Approach the selection of the technique as follows (read this discussion with table at the end of the chapter at hand):
(1) Which of the broad analysis categories is appropriate? For example, when testing whether a fertilizer is effective in producing greater growth than an unfertilized control, the objective is to differentiate between these two groups, e.g., treatment versus control.
(2) What specific techniques are available within the broad analysis category? For example, in the previous example you are comparing measurement values for two values of a classification variable, e.g., treatment versus control, so the t-test procedure would be appropriate.
(3) Do the data to be tested meet the analysis criteria? If not, can they be modified to be appropriate? For example, are the two sets of measurement values normally distributed?
(4) What ancillary analysis techniques will be most useful in describing the conclusions? For example, perhaps a frequency histogram showing the categories of measurement values, grouped by treatment, might be an effective way to present the results.
In the development of the analytical procedure, remember that often you are searching for "patterns." These are sometimes seen outside the realm of statistical tests. To neglect such a search is to ignore an important part of the data analysis process.
2. Running the analyses.
Check the constraints of each analysis. Are the data distribution assumptions met? (Refer to the univariate analysis runs to answer this question.) Are there special considerations, such as not using highly correlated variables together in a multivariate analysis run, that should be checked?
Examine the output form the analysis run. Identify the parameters of interest and make the decisions necessary to test the hypotheses of interest. Refer back to your original analysis objectives to make sure you are examining the intended questions.

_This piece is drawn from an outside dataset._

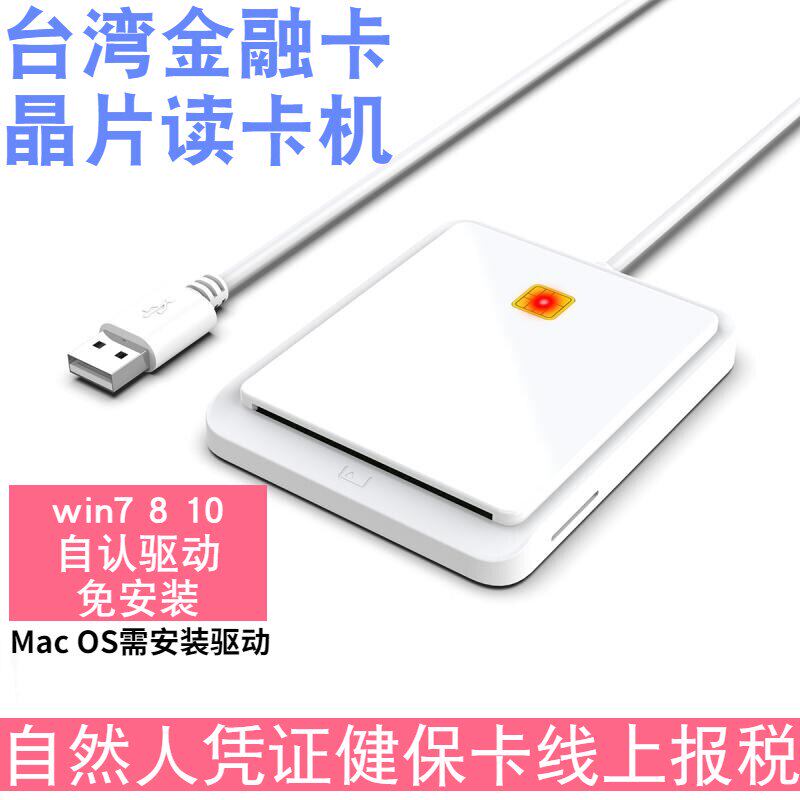 台湾金融卡自然人晶片卡读卡机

Extract the necessary values for reporting, such as probabilities, equation parameters, etc.
Follow-up Questions & Reporting
In many respects, the last phase of an analysis program is the most dangerous. New, often very interesting, questions emerge from the analyses. They are important, but distracting. Results have to be put into proper form for reporting. That involves careful design and (generally) a set of trial reports until a satisfactory design is achieved. It is equally important to make sure that your data are properly saved so that they can be used again, just in case they are needed.
These are demanding tasks that come when there is the greatest pressure to be done with the work. Don't underestimate how long they will take.
1. Handling new questions: the analysis procedures often provoke new questions. These must be examined in the way that any hypothesis is handled, by following through these same analysis phases.
Save these new questions for follow-up. Be careful to not let secondary questions detract from the main line of the analysis.
2. Reporting the results: data analysis programs produce pages and pages of results. These must be reduced to essential values that are then recorded in well designed tables and charts.
In all cases, the goal of this step is to faithfully record the essence of the data and the analysis results. Accuracy, intelligibility and conciseness are the guiding factors. Consistency with past practice must also be considered for the value of any analysis comes in part from the possibility of comparing its results to other, similar, studies.
3. Archiving the data and analysis procedures: a well-designed study will make it easy to save a few sets of data and analysis procedures (the SAS statements). These should be kept in such a way that it is convenient to move them back into the analysis environment. It is not unusual to have to get back to data for a quick check or to do a follow-up analysis. Storage techniques vary. Currently, placing files on floppy disks is the best medium available. Soon CD-ROM (similar to the compact disks you buy for audio recordings) will offer a more permanent storage medium.